* PROBLEM TO SOLVE *
Look below for the line holding "2014 AUDI A6 VIN WAUGFAFC2EN098007 — фото 3" and the line holding "COZYEASE Girls' Letter". Transcribe exactly those lines and all lines between them, nothing more.

* EXTRACTED INFORMATION *
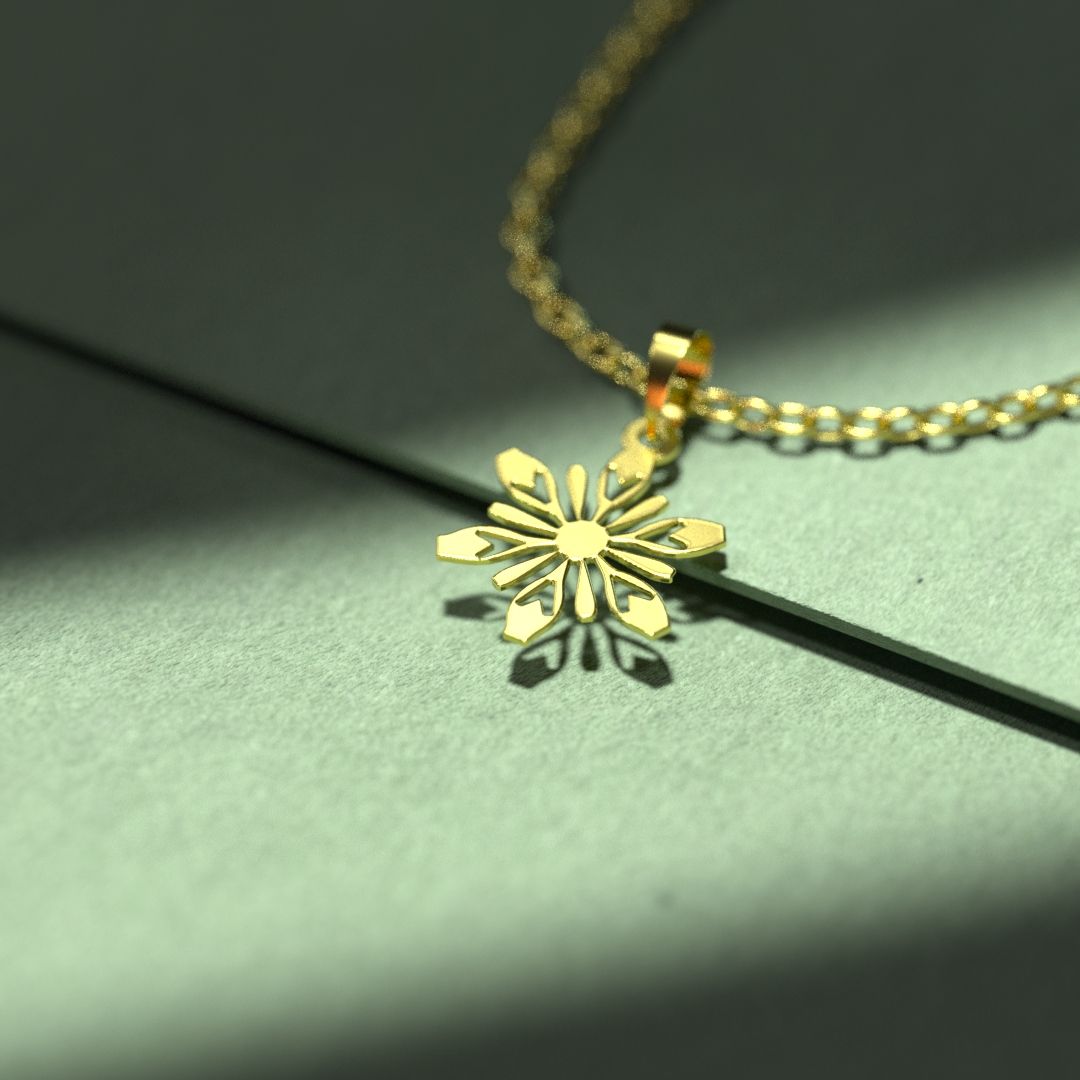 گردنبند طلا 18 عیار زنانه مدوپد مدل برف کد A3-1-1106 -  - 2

---

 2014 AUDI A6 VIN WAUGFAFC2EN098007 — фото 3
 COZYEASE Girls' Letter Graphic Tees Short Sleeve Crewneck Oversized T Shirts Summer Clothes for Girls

* WRITTEN ANSWER *
 2014 AUDI A6 VIN WAUGFAFC2EN098007 — фото 3
 COZYEASE Girls' Letter Graphic Tees Short Sleeve Crewneck Oversized T Shirts Summer Clothes for Girls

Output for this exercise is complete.